When I was ten I think I was an annoying child.  Ten is such an awkward age.   Too old to get away with temper tantrums, whining or other behaviour now deemed childish.  I was expected to know how to share, to let grownups go first, to remember my manners--the list went on.  I was old enough to recognize the look of disapproval or disappointment when I didn't quite measure up to maternal or paternal expectations.


But while I was too old to be a little kid and get away with very much, I was too young for many of the activities I longed to partake of.  I was too young to watch scary movies, I was too young to stay up until midnight on New Years Eve and I was definitely, in my mother's opinion, too young to go to the pre-teen dance at the local community centre.



I'm trying to remember if things improved when I turned eleven -- but I don't think so.

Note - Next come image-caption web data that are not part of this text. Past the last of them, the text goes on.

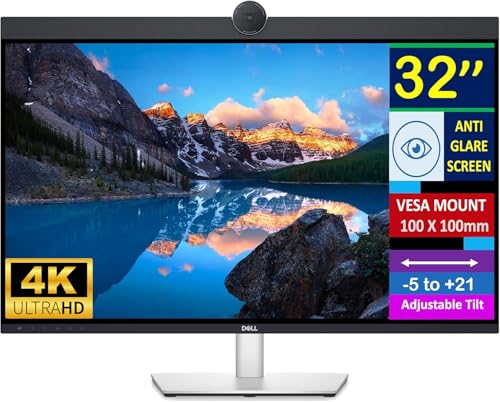 Dell UltraSharp 32" 4K UHD IPS Video Conferencing Monitor with 5ms Response Time, Built-in Speakers, Anti Glare, VESA Mount (100mm), DisplayPort, HDMI, Black/Silver (2025 Latest Model)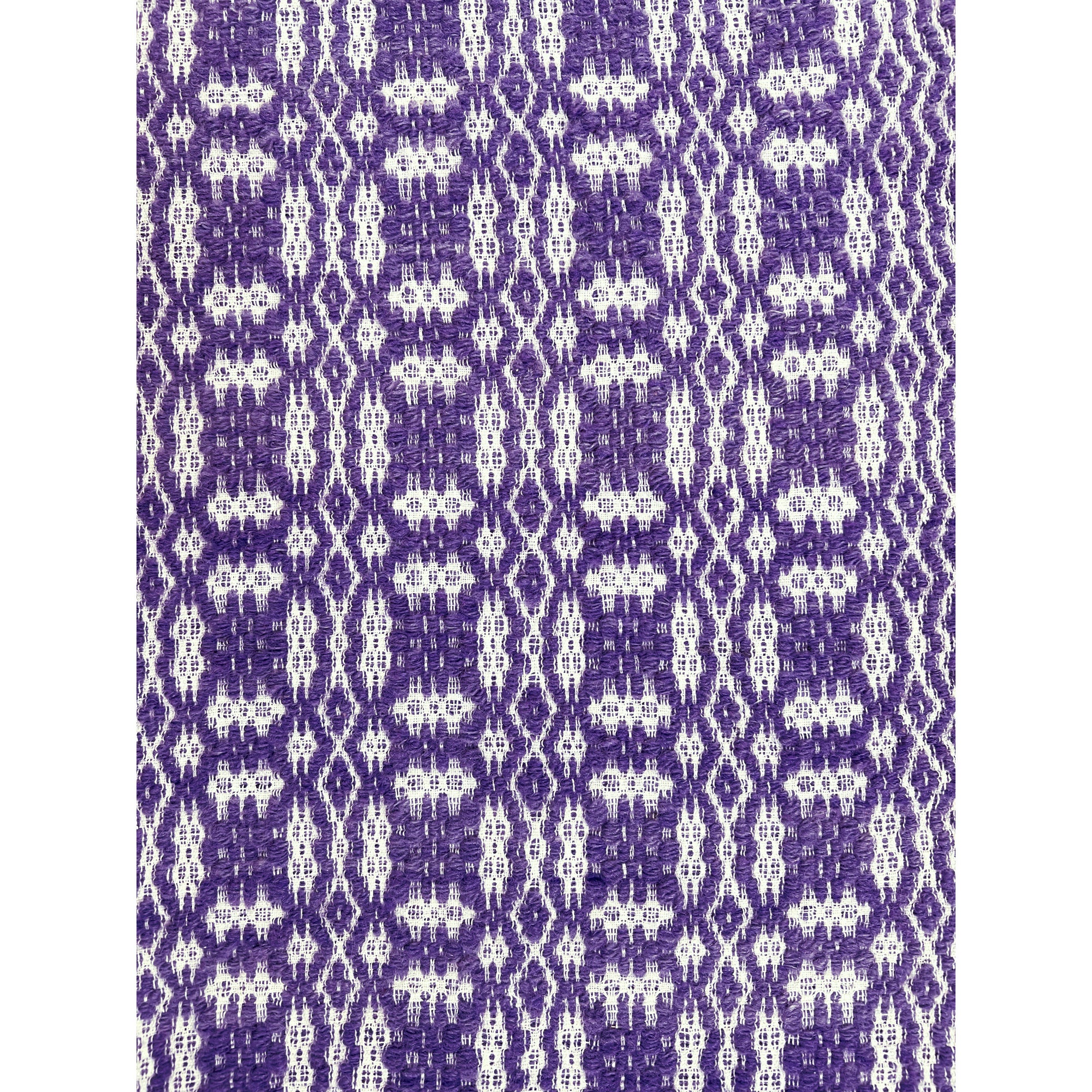 Antique Overshot Coverlet 19th c Textile Purple and White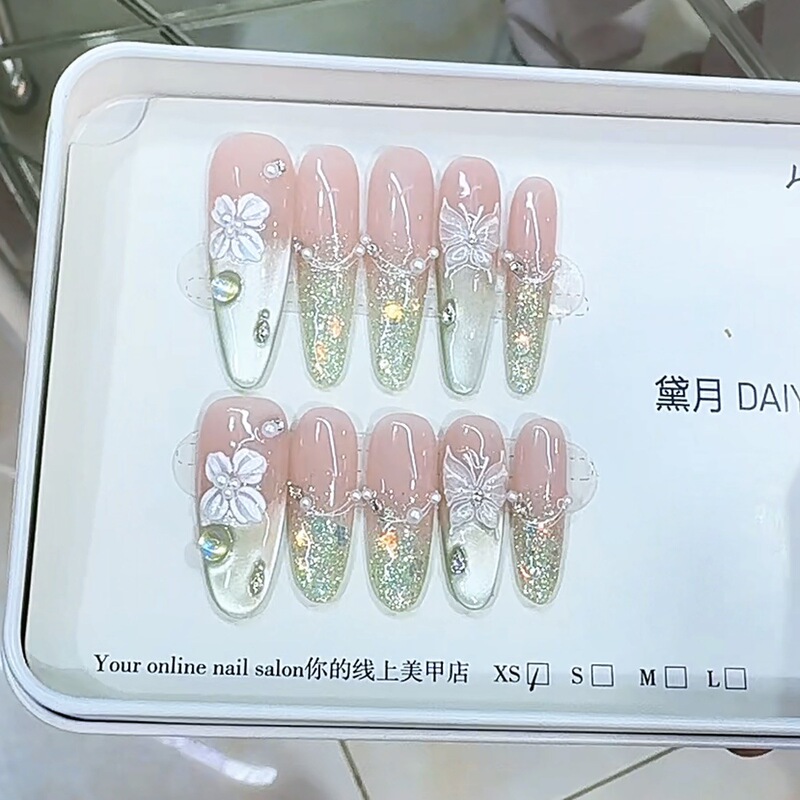 Daiyue's New Handmade Wearable Nail Art with Butterfly and Lime Jelly Design, Sweet and Pure, with a High-End Feel, Sticker Nail Art Daiyue's New Handmade Wearable Nail Art with Butterfly and Lime Jelly Design, Sweet and Pure, with a High-End Feel, Sticker Nail Art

Saturday, September 13, 2014

Now, where did I put . . .

                                                                                     



I used to misplace my keys from time to time.  This never occurred at a convenient time; inevitably, I would be leaving for work and perhaps running late when the crisis would strike.  Everyone would have to get up and start the hunt for Mom's keys.  Yesterday's coat, the downstairs bathroom, the dogs' leash basket;  all were fair game.  Everyone, including myself, became heartily tired of  this exercise.

Perhaps there was a serious consequence at some point --   a missed interview or airplane flight.  I've been merciful and allowed myself to forget.   But at some point I decided that henceforth my keys would be placed in my purse immediately I entered the house no matter what domestic chaos presented itself at my entry or how laden down with groceries.    No excuses or else!   Somehow it has worked.

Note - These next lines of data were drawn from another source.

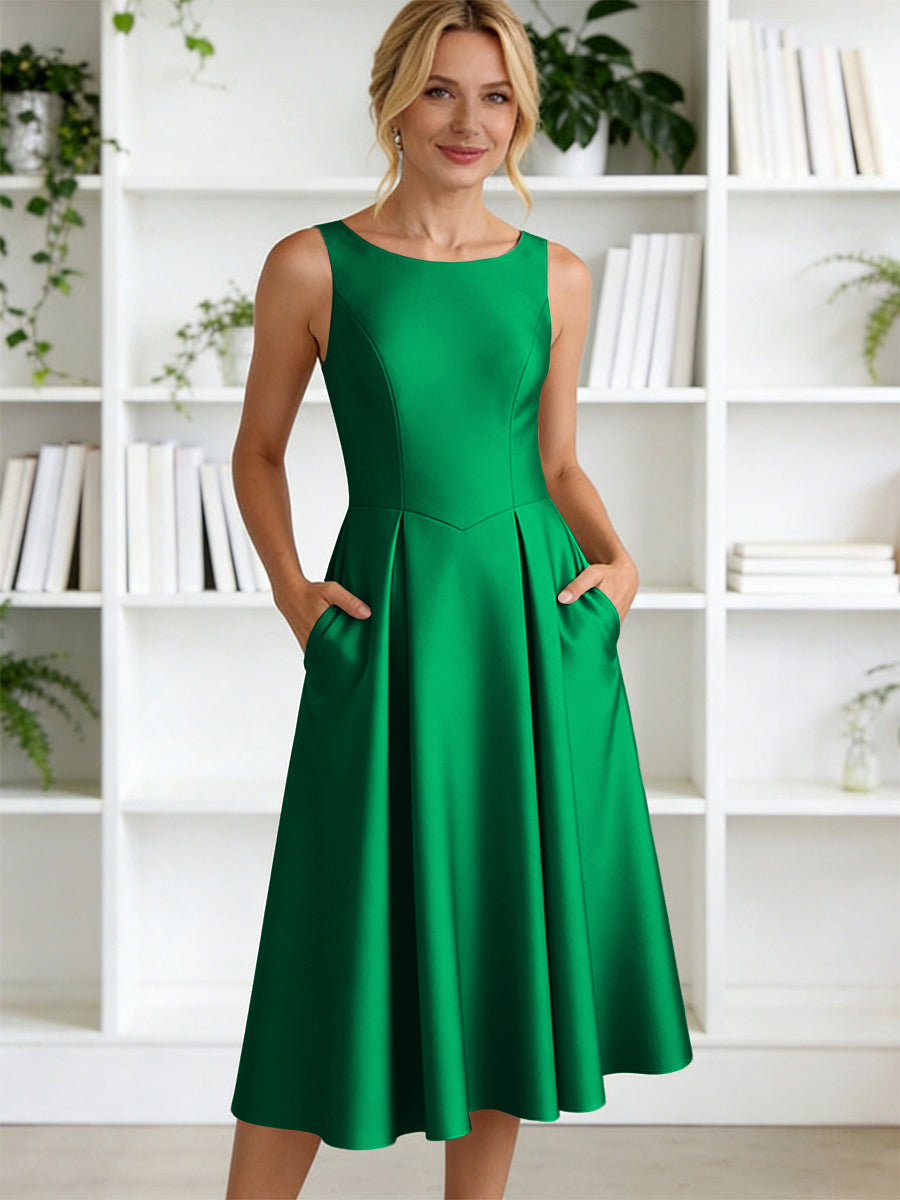 A-Line/Princess Scoop Neck Satin Tea-Length Mother of the Bride Dresses with Pockets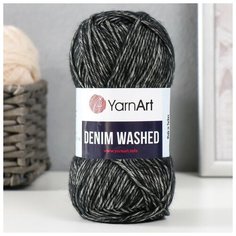 Пряжа "Denim Washed" 30% акрил 70% хлопок 130м/50гр (923 чёрный меланж) Нет бренда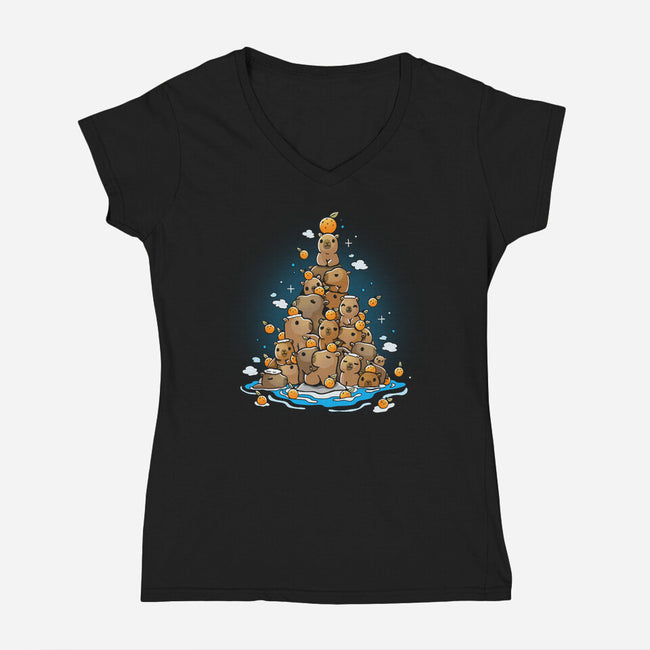 Capibara Christmas Tree-Womens-V-Neck-Tee-Vallina84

Wednesday, September 10, 2014

DO IT YOURSELF?


                                                                     


I can be moderately extravagant about some things (did someone mention travel?).   Somehow, it's worth it to me.   I suspect most of us have at least one weakness, something that brings us happiness, makes life worthwhile, helps us carry on . . . no, that would be love.   But there are those items, that you can buy with money. that make it easy for us to bring out our wallets.   It would be important to ensure there isn't more than one, or maybe two of these indulgences, wreaking havoc with our budgets.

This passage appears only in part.